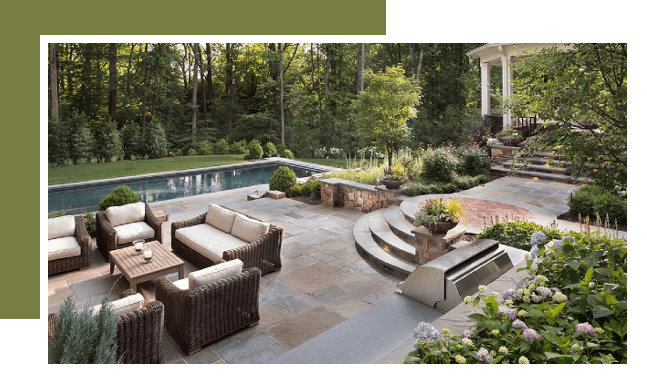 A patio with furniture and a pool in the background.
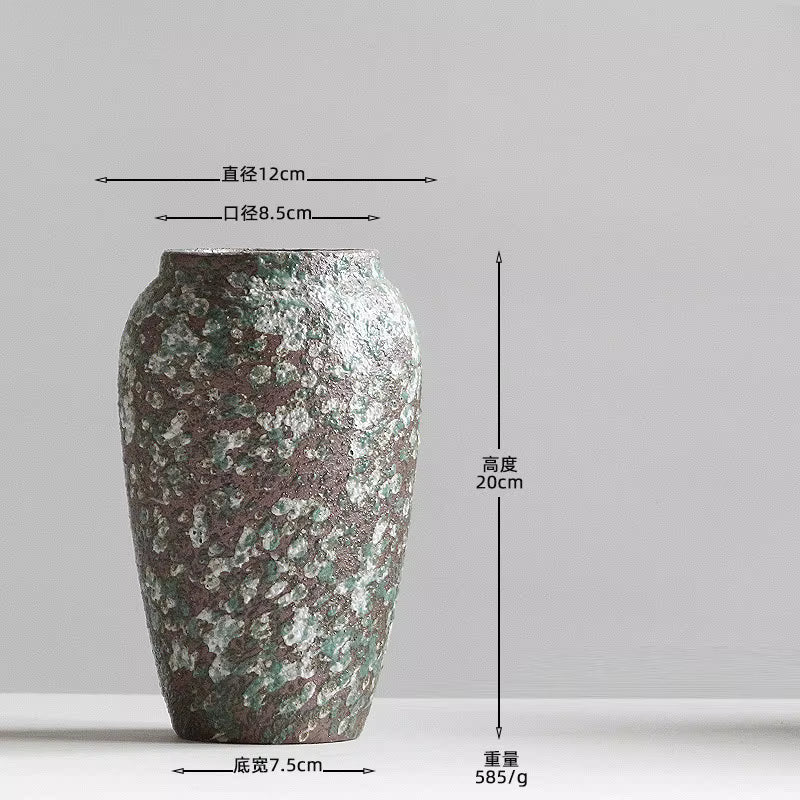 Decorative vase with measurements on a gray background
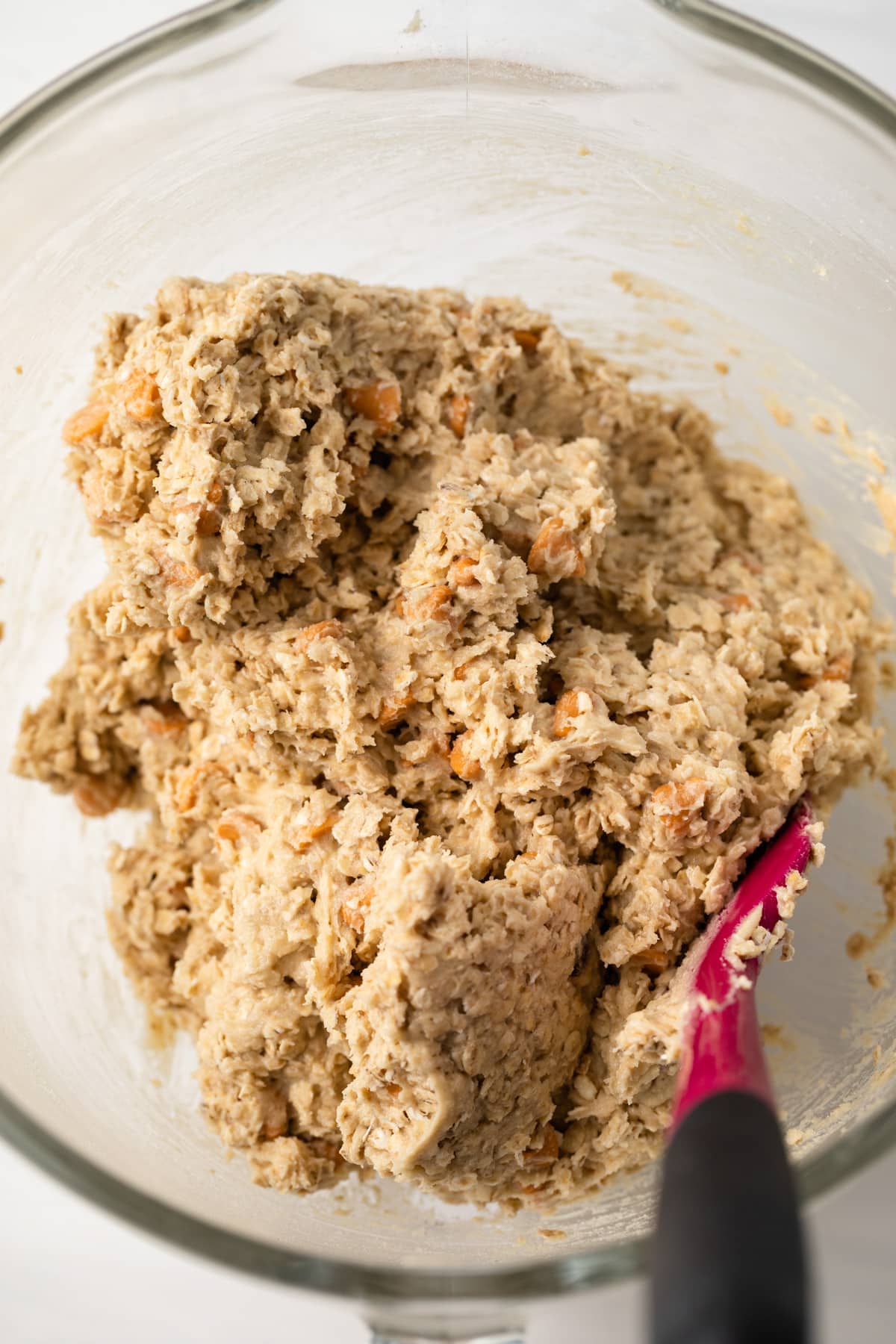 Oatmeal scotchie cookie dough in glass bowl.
--- --- ---
About this exercise
Copy all the material exactly; omit images.

Exercise result
 A patio with furniture and a pool in the background.
 Decorative vase with measurements on a gray background
 Oatmeal scotchie cookie dough in glass bowl.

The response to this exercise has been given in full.